• Task details
Copy out the whole listing exactly as given. Skip the pictures.

• Data provided
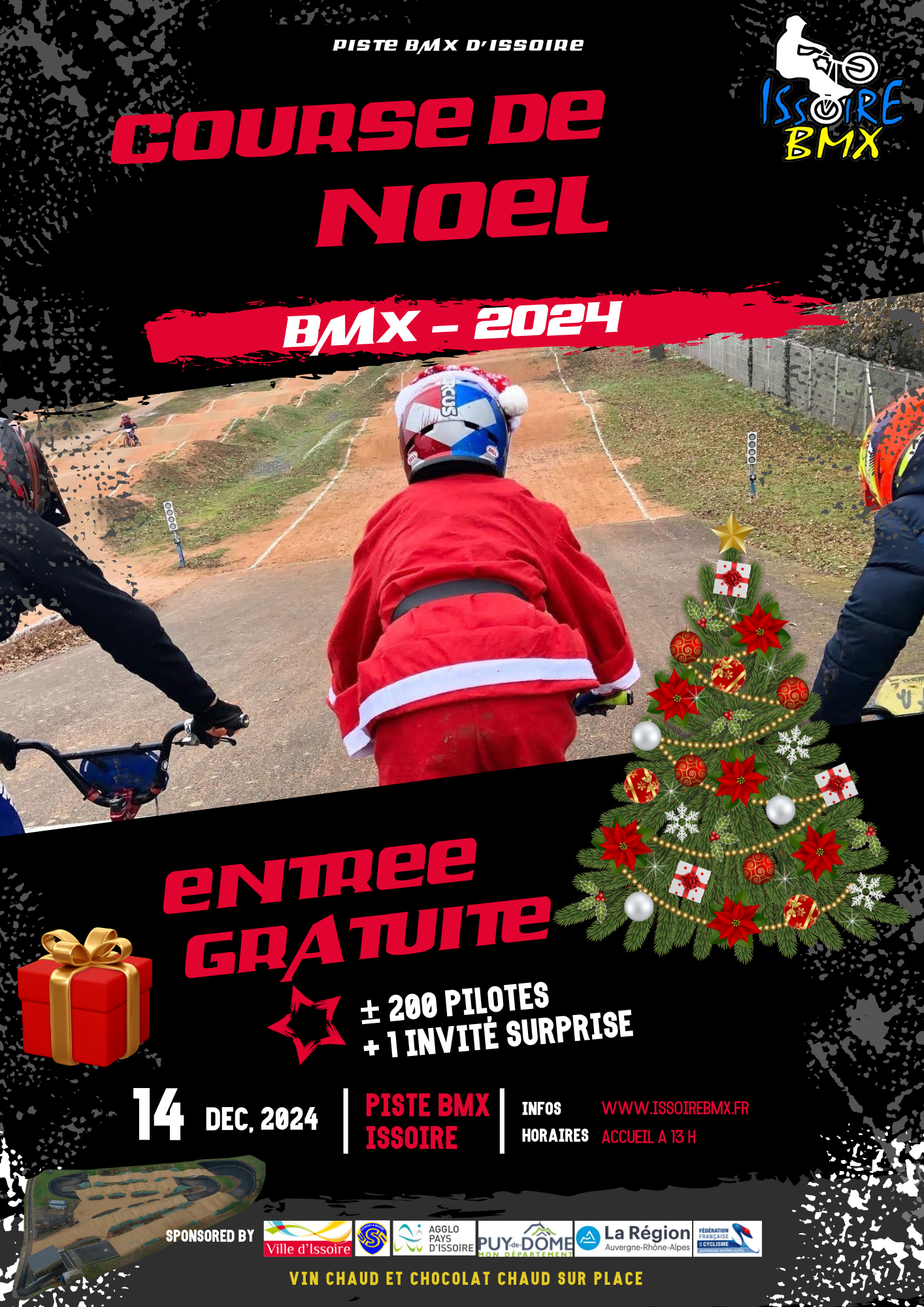 COURSE DE NOEL ISSOIRE BMX 2024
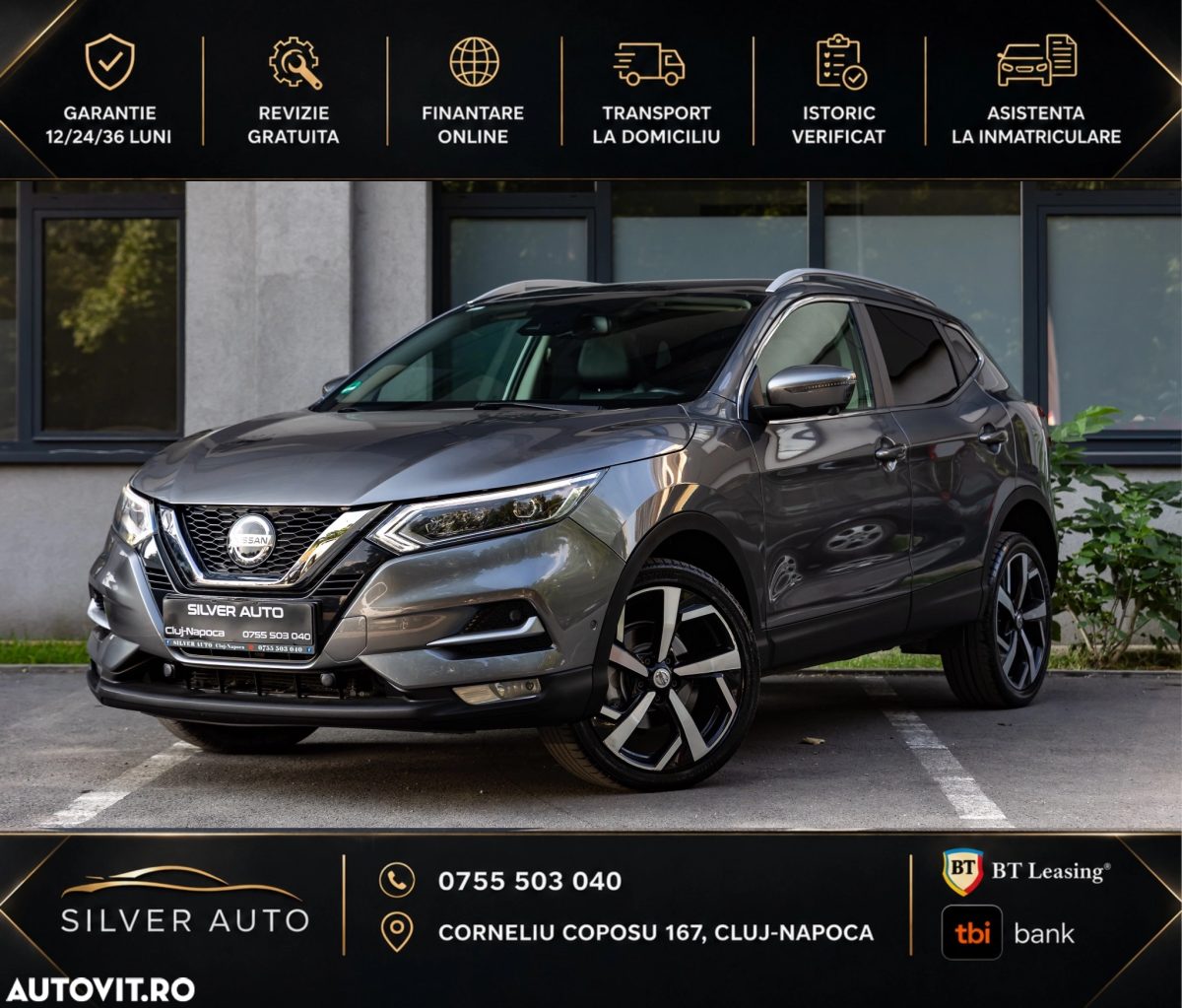 Nissan Qashqai 1.7 dCi Xtronic ALL-MODE 4x4i TEKNA Nissan Qashqai 1.7 dCi Xtronic ALL-MODE 4x4i TEKNA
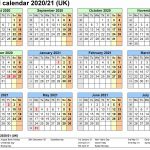 2020 And 2021 Calendar Printable Uk Free Printable Calendar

• Problem solution
 COURSE DE NOEL ISSOIRE BMX 2024
 Nissan Qashqai 1.7 dCi Xtronic ALL-MODE 4x4i TEKNA Nissan Qashqai 1.7 dCi Xtronic ALL-MODE 4x4i TEKNA
 2020 And 2021 Calendar Printable Uk Free Printable Calendar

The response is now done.